Foi na edição de 1º de outubro de 2020 que o Diário Oficial do Estado publicou tais autorizações. Questionada sobre quando o governo realizou a última licitação e, em sendo verdade, quais as razões de o governo sustentar autorizações em vez de lançar o edital de licitação, o órgão se limitou a responder que “a Henvil Transportes Marítimos operou no Marajó em regime de concessão até 2020. Após essa data, para assegurar a manutenção do transporte para o Camará, a empresa passou a operar em regime de autorização. A agência destaca que estuda um processo licitatório para a concessão das linhas”.
Histórico de precariedades

Este não é um episódio isolado. Em 2022, a embarcação Dona Lourdes II, que partiu de porto clandestino da vila de Camará, em Cachoeira do Arari, vizinha de Salvaterra, e naufragou nas imediações de Belém, resultou em 22 mortes. Na ocasião, os moradores das comunidades também protestaram. “A gente pediu novas empresas. O governo fez a mesma coisa: mandou a Tropa de Choque, mandou a gente se calar. E a gente fez isso, a gente se calou. O governo tentou fazer isso novamente [no protesto contra o aumento de tarifas]”, lembra Líbia.
Ettiene Angelim fica indignada ao enumerar a série de desrespeitos à população. O próprio naufrágio ocorreu depois de um Termo de Ajuste de Conduta (TAC) firmado, em 2019, junto ao Ministério Público do Estado do Pará (MPPA), assinado pelas empresas Rodofluvial Banav, Arapari Navegação Ltda e a mesma Henvil Transporte. “O Ministério Público abordou essa questão do monopólio, porque era e ainda é uma das reivindicações da população”, ressalta.
Líbia Pantoja critica a falta de transparência da empresa Henvil e a autonomia que o governo do Pará dá para o setor privado estabelecer os valores que lhes pareçam convenientes. “A tabela de custo que a gente já tinha pedido, ela [a empresa] não passou para a comunidade.
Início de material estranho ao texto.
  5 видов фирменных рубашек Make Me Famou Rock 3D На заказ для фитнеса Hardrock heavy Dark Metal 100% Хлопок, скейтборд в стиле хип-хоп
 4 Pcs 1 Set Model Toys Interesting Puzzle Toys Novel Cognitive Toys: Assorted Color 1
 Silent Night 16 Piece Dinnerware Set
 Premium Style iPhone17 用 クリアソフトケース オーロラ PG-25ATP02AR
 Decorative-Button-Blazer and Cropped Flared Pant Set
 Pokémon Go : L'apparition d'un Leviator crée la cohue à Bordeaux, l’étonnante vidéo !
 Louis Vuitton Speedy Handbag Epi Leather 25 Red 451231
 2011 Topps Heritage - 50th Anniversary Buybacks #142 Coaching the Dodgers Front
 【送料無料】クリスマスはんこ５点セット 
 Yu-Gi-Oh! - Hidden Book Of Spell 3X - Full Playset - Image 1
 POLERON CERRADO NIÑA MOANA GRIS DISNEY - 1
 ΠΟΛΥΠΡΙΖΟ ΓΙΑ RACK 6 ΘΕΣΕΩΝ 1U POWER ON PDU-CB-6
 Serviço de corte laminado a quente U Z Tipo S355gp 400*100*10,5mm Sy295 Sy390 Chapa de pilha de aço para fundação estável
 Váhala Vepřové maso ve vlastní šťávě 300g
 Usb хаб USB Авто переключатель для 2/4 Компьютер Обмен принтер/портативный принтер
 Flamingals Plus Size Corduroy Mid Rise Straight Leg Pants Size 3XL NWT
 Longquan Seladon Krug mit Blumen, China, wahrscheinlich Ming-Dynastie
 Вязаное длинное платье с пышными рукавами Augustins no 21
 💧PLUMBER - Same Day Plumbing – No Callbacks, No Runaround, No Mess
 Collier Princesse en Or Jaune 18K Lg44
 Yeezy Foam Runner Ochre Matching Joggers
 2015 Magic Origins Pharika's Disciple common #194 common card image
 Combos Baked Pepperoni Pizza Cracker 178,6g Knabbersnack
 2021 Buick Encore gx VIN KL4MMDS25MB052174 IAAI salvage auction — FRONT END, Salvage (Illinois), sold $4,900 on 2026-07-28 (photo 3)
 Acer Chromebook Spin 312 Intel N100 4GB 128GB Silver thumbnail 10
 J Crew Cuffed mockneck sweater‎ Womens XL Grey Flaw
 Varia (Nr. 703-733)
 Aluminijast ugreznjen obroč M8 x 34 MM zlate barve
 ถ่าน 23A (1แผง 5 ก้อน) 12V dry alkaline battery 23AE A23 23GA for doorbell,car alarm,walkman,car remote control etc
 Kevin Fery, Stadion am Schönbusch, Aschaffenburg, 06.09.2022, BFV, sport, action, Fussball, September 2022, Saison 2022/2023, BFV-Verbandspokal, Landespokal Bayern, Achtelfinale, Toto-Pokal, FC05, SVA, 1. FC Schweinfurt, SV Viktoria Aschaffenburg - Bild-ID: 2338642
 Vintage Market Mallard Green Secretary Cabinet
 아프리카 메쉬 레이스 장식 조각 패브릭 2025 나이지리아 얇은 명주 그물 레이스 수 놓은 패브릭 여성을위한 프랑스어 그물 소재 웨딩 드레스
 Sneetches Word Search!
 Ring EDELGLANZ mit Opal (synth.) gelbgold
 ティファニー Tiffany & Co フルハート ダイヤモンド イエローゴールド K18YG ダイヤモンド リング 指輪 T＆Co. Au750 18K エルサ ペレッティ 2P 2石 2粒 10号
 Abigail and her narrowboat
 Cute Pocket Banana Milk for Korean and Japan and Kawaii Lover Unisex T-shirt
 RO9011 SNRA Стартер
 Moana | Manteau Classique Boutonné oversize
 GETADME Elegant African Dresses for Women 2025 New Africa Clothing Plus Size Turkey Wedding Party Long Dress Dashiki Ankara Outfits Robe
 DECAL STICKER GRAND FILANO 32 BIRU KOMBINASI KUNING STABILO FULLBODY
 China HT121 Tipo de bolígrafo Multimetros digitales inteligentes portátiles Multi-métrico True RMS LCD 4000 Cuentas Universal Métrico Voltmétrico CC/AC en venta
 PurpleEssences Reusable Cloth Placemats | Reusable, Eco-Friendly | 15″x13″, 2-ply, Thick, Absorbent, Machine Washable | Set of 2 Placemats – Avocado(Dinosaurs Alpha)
Eles disseram que tinham passado para o Ministério Público. A Henvil levou uma tabela de gastos. A gente pediu a tabela de lucros e eles não levaram também”, reclama a liderança.
Com o atual acordo que fixou o reajuste em 10%, a resposta oficial foi a mesma. A gestão de Helder Barbalho (MDB) diz apenas que “o reajuste nas tarifas é de responsabilidade da empresa que opera na região e não é determinado pelo Governo do Estado”.
A luta continua

“As empresas que estão aqui não respeitam a população. Querem prestar serviço de qualquer jeito”, afirma Líbia Pantoja. Com cerca de 7 mil quilombolas em Salvaterra, além das populações da cidade e de municípios vizinhos, como Soure e Cachoeira do Arari, o Marajó segue lutando. Ettiene Angelim lembra que, no último dia 14 de março, portanto, antes mesmo dos protestos, foi protocolada uma representação junto à Promotoria de Justiça de Salvaterra, solicitando a suspensão do aumento e a abertura de licitação. O conselho foi uma das entidades que subscreveram a representação.
“As 19 comunidades quilombolas e o restante das comunidades (são) extrativistas, pesqueiras. As cidades de Soure e Cachoeira seriam afetadas, pois nós somos consumidores finais, até chegar na gente, aumenta tudo. As comunidades mais de longe – como Mangueira, Salvar, Deus Me Ajude – lá o preço chega além do que chega aqui onde foi a manifestação (comunidade União Campinas)”, acrescenta Líbia Pantoja.